Scientists reveal reason for growing distance between Europe and America

Scientists reveal reason for growing distance between Europe and America

Growing apart, the Atlantic Ocean widens

A SCIENTIFIC investigation has revealed that the Atlantic Ocean is widening due to a geological phenomenon.

The results reveal that increasing matter deep within the earth’s crust appears to be pulling the continents of North America and South America away from Europe and Africa, a phenomenon never before observed.

New research published in the journal Nature has found that plates attached to the Americas are moving away from those attached to Europe and Africa by four centimetres per year. Between these continents is the Mid-Atlantic Ridge, a site where new plates are formed and a dividing line between plates that move westward and those that move east.

Below this ridge, material rises to replace the space left by the plates when they separate.

It was always thought that this process was driven by distant gravity forces as the densest parts of the plates sink back into Earth.

However, the driving force behind the separation of the Atlantic plates remained a mystery because the Atlantic Ocean is not surrounded by dense sinking plates.

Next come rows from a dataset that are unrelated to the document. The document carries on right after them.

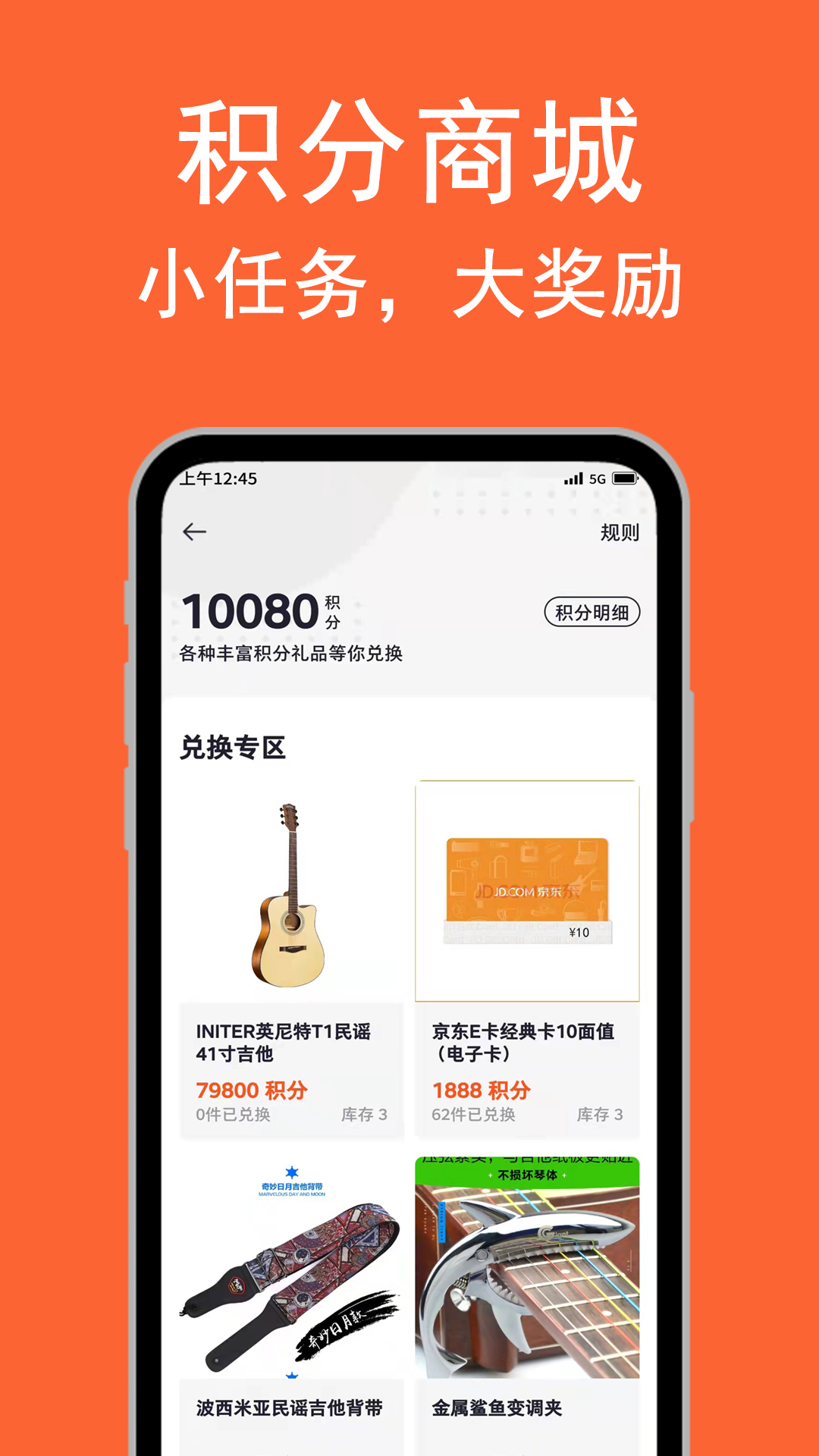 吉他自学 截图 2
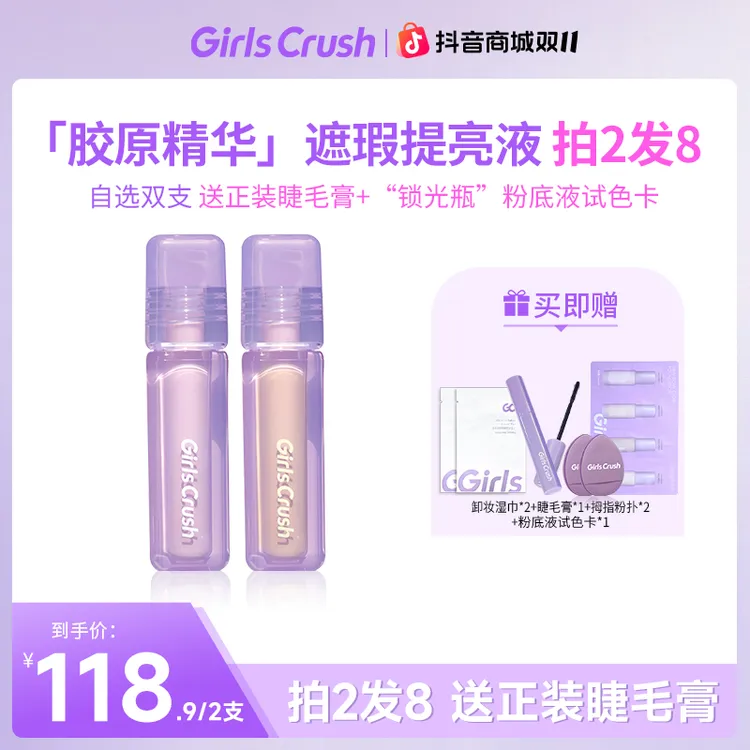 【双11拍2发8 赠睫毛膏】干皮提亮液遮瑕提亮凹陷girlcrush提亮液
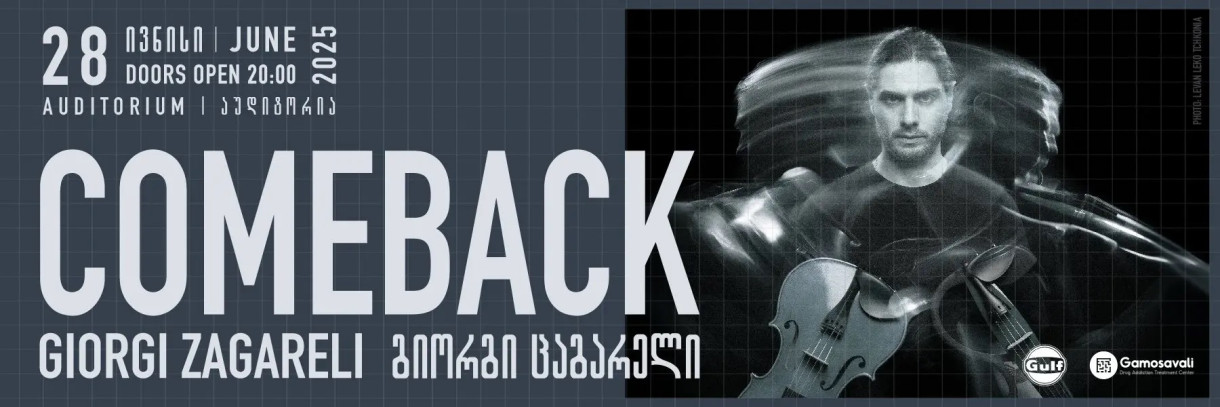 Георгий Цагарели — COMEBACK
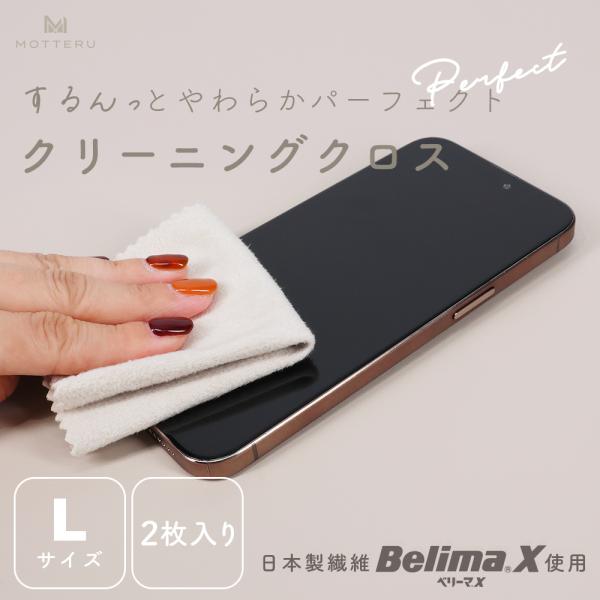 MOTTERU (モッテル) クリーニングクロス 超極細繊維BelimaX使用 マイクロファイバー 洗濯可能 日本製 液晶画面 Lサイズ 2枚入り (MOT-CL02L)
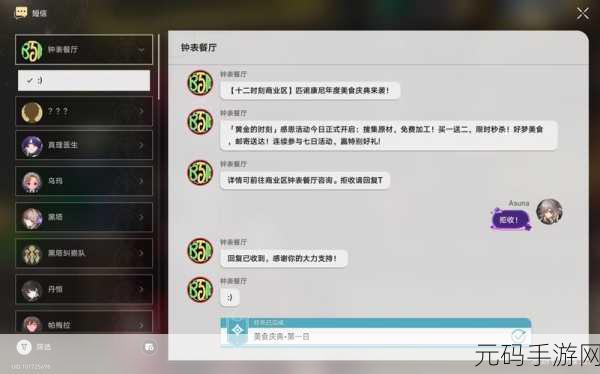 崩坏星穹铁道，匹诺康尼美食庆典次日材料收集全指南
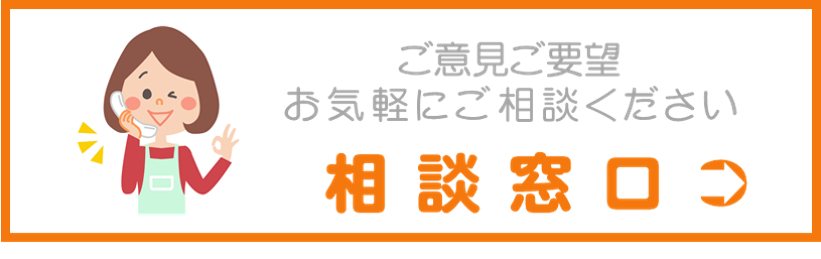 背部痛 ギックリ背中 健やか整骨院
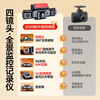 Xianniao driving recorder 360-degree panoramic 4k ultra-high definition without blind spots dual recording front and rear of the car without wiring reversing images dual lens 4k front and inside the car mobile phone interconnection + parking monitoring + 64G card 24-hour sentry mode parking monitoring truck four-way installation-free vehicle driving instrument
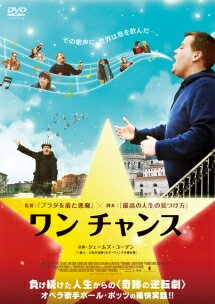 ◆商品説明◆ 商品名 【中古】 ワン チャンス [レンタル落ち] [DVD] JAN 4589921400138 型番 GADR1013 ご確認ください 状態「中古：やや傷や汚れあり」 ●レンタル店で使用されていた中古品です。 ●ディスクは不織布ケースに入れ、ジャケットとともに送付いたします。 ※商品に【ジャケットなし】などの表記がある場合はタイトル表記の状態での送付となります。 ●ディスクは不織布ケースに入れ、ジャケットとともに送付いたします。 ●鑑賞用で販売させて頂いております。あまりに神経質な方、完璧を求められる方はご購入をお控え下さい。 ●ジャケット(紙)には、バーコード・管理用シール等が貼ってある場合があります。 ●ジャケット(紙)には、日焼け箇所がある場合があります。完璧を求められる方はご購入をお控え下さい。 ●店舗や他サイトでも販売している為、在庫切れの場合はキャンセルとさせて頂きます。予めご了承下さい。【中古】 ワン チャンス [レンタル落ち] [DVD] [洋画][映画]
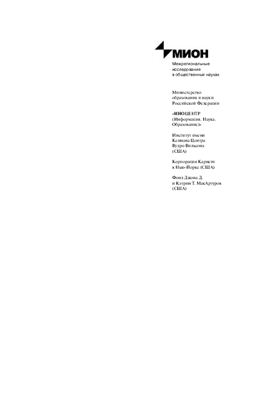 Купина Н.А., Хомяков М.Б. Философские и лингвокультурологические проблемы толерантности: Коллективная монография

Now, a team of seismologists, led by the University of Southampton (UK), has found evidence of an outcrop in the mantle, the material between the earth’s crust and its core, from depths of more than 600 kilometres below the mountain range of the Mid-Atlantic, which could be pushing the plates from below and causing the continents to move further apart.

The findings provide a greater understanding of the plate tectonics that causes many natural disasters around the world, including earthquakes, tsunamis, and volcanic eruptions.

Lead author Matthew Agius, a former postdoctoral fellow at the University of Southampton and currently at the Università degli studi Roma Tre, explained in a statement: “This was a memorable mission that took us a total of 10 weeks at sea in the middle of the Atlantic Ocean. The incredible results shed new light on our understanding of how the interior of the Earth is connected to plate tectonics, with observations never seen before.”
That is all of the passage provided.